** Opening PROVIDED RECORDS block **

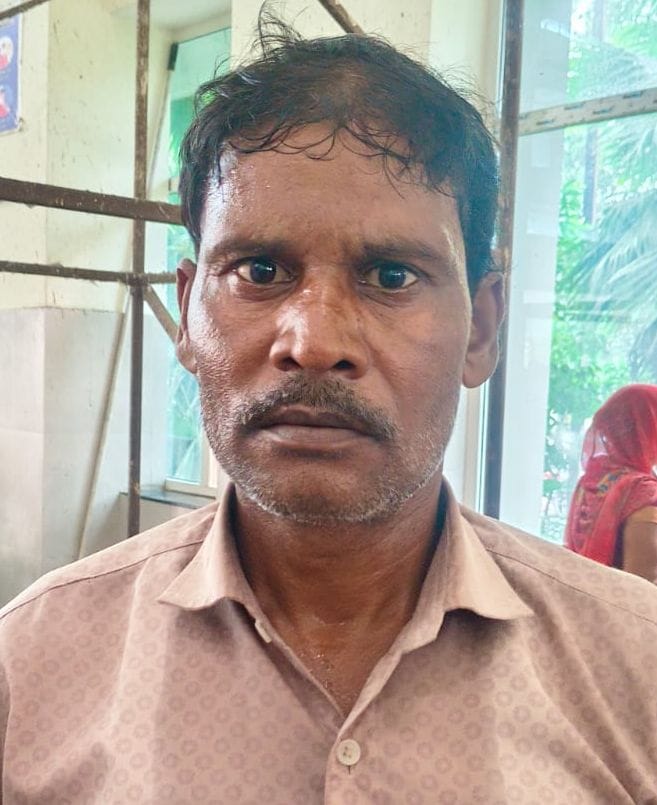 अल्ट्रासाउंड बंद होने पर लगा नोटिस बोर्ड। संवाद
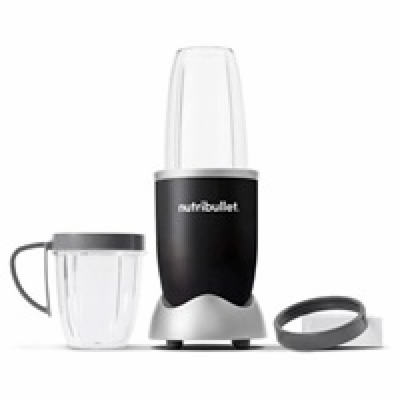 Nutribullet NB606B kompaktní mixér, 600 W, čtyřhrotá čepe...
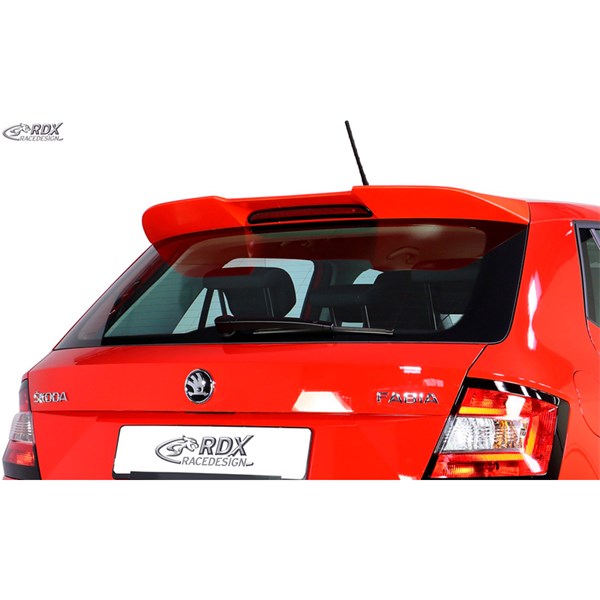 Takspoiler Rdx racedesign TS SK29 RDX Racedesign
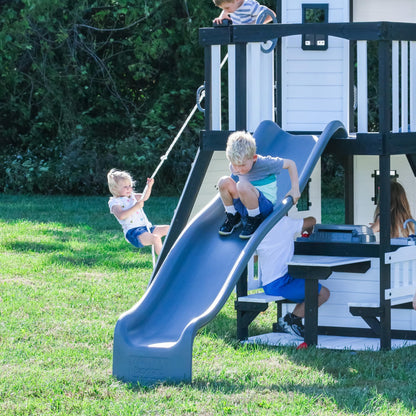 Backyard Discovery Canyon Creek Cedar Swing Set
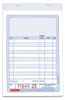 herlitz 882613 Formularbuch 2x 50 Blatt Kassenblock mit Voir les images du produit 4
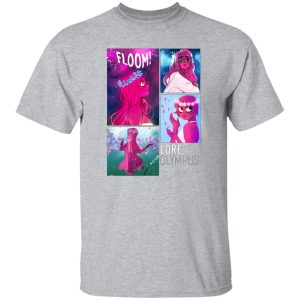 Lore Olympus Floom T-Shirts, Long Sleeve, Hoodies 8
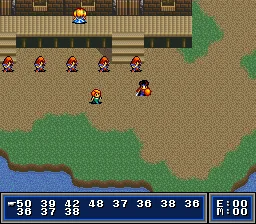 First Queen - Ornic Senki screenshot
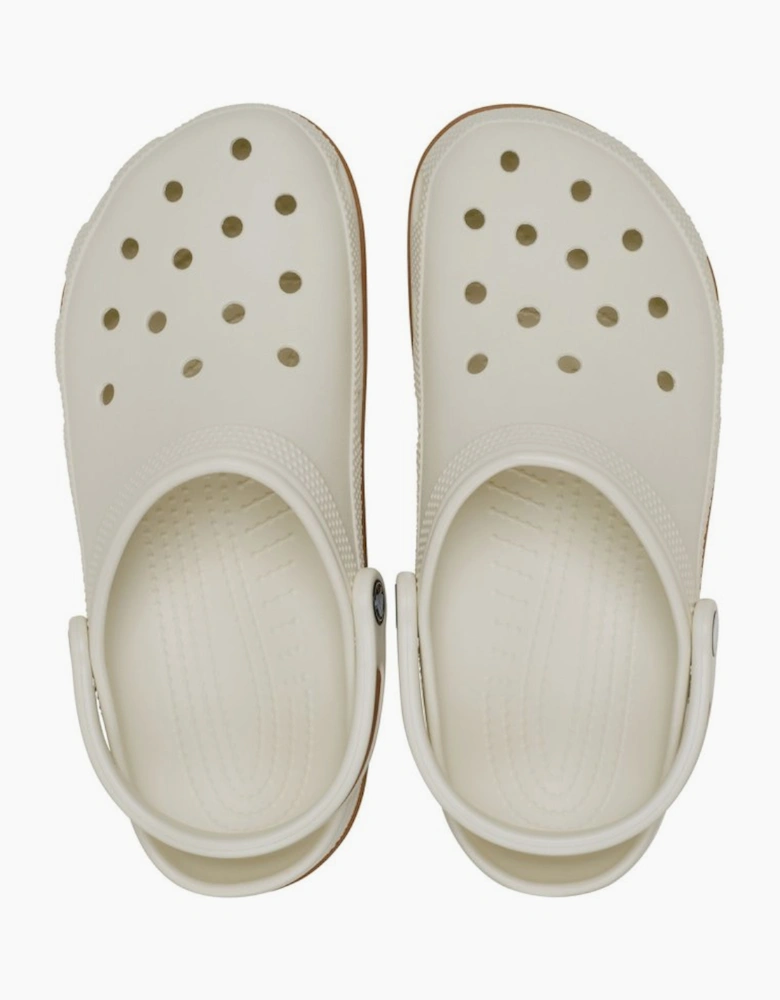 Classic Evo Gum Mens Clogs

** Closing PROVIDED RECORDS block **

- ACTIVITY -
Excluding pictures, reproduce the listing above exactly as it stands.

- REPLY -
 अल्ट्रासाउंड बंद होने पर लगा नोटिस बोर्ड। संवाद
 Nutribullet NB606B kompaktní mixér, 600 W, čtyřhrotá čepe...
 Takspoiler Rdx racedesign TS SK29 RDX Racedesign
 Backyard Discovery Canyon Creek Cedar Swing Set
 herlitz 882613 Formularbuch 2x 50 Blatt Kassenblock mit Voir les images du produit 4
 Lore Olympus Floom T-Shirts, Long Sleeve, Hoodies 8
 First Queen - Ornic Senki screenshot
 Classic Evo Gum Mens Clogs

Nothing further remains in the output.